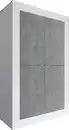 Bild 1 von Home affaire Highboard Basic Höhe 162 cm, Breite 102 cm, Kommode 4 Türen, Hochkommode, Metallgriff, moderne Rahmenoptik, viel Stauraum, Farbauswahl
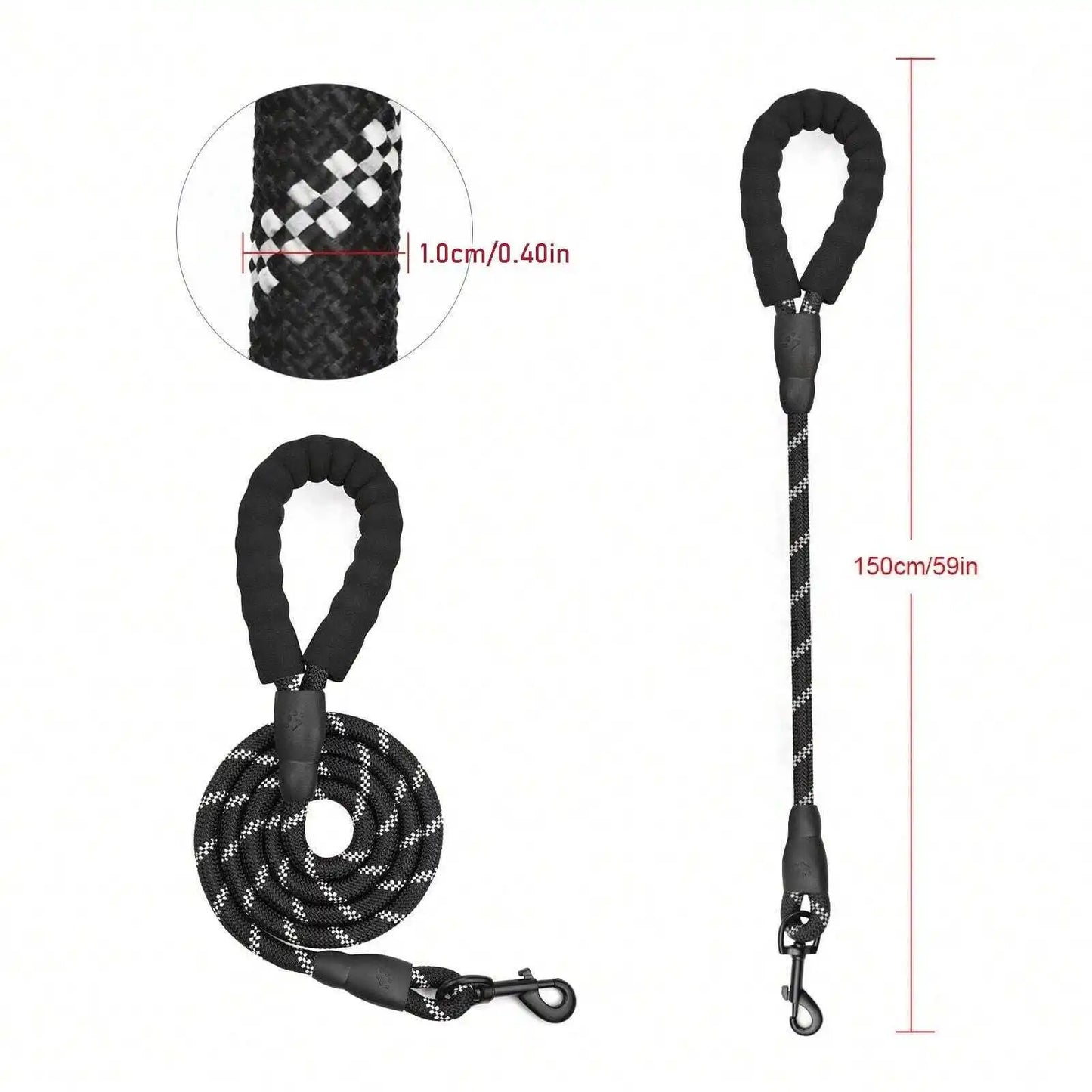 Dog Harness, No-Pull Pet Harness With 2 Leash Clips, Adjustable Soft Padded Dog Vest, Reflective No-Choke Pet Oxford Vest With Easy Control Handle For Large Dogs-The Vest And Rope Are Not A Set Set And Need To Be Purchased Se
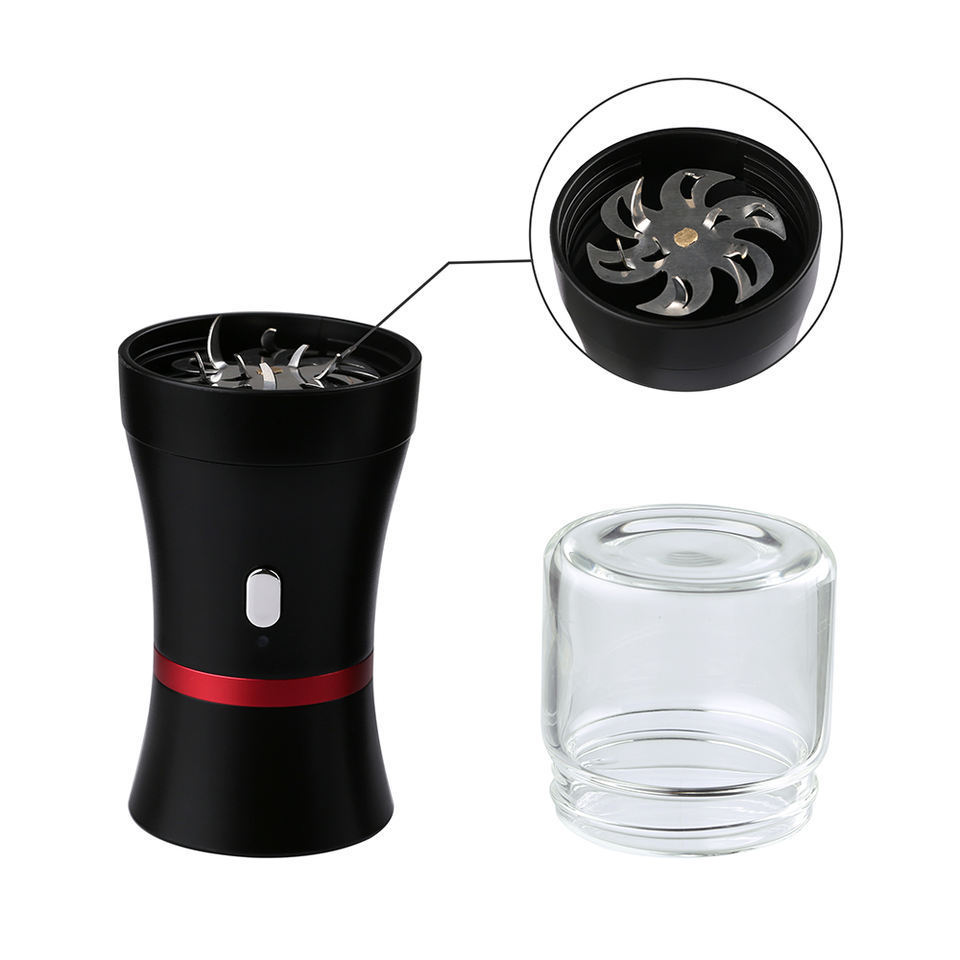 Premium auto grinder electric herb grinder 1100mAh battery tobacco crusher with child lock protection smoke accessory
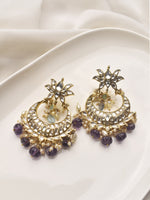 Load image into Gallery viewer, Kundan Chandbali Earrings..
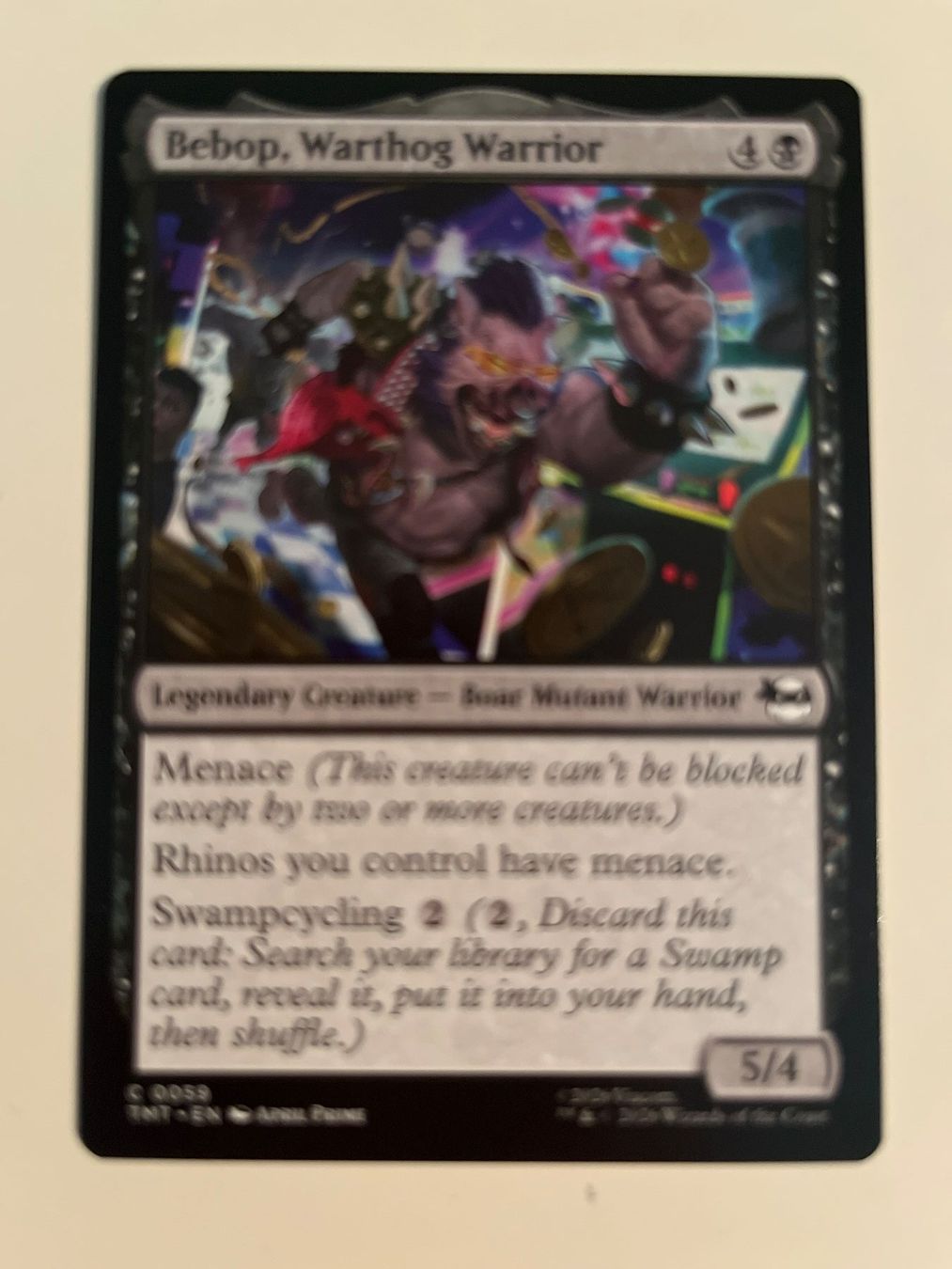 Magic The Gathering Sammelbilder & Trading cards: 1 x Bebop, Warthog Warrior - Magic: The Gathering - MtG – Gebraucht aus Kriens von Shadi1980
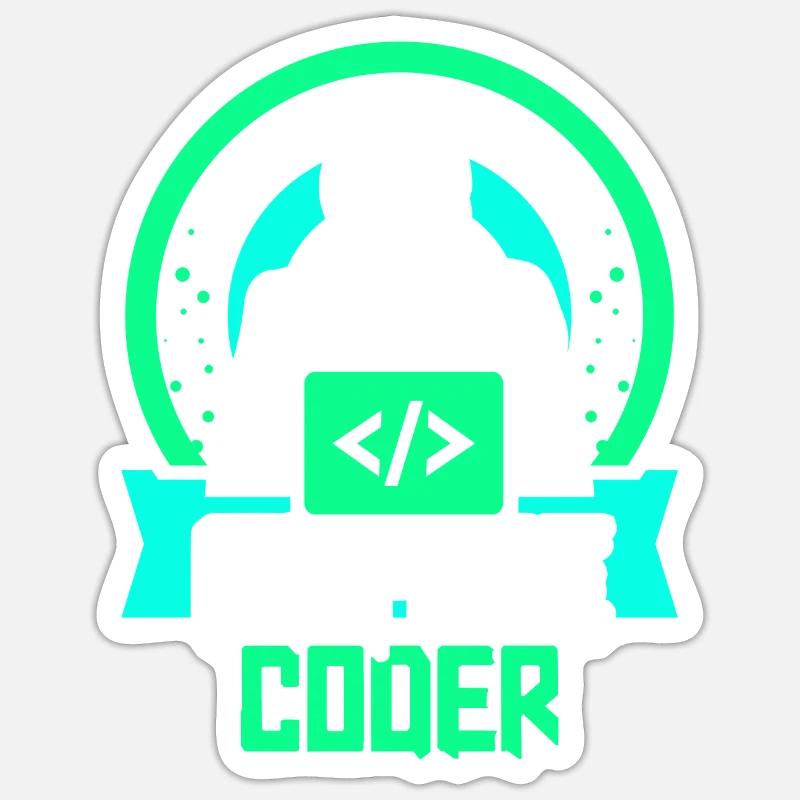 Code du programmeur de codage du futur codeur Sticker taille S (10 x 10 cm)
+-------+
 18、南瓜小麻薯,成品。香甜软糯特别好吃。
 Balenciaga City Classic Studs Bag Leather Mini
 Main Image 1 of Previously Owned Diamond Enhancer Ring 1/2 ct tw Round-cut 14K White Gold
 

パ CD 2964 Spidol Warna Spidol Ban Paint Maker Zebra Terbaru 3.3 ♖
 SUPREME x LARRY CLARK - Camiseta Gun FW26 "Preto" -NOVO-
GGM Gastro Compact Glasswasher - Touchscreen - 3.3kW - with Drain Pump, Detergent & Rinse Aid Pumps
+-------+
▶ WHAT NEEDS TO BE DONE
Look in the material above for the line with "SUPREME x LARRY" and the line with "GGM Gastro Compact", and transcribe exactly those lines and all lines between them, nothing more.

▶ SOLUTION TO THIS EXERCISE
 SUPREME x LARRY CLARK - Camiseta Gun FW26 "Preto" -NOVO-
GGM Gastro Compact Glasswasher - Touchscreen - 3.3kW - with Drain Pump, Detergent & Rinse Aid Pumps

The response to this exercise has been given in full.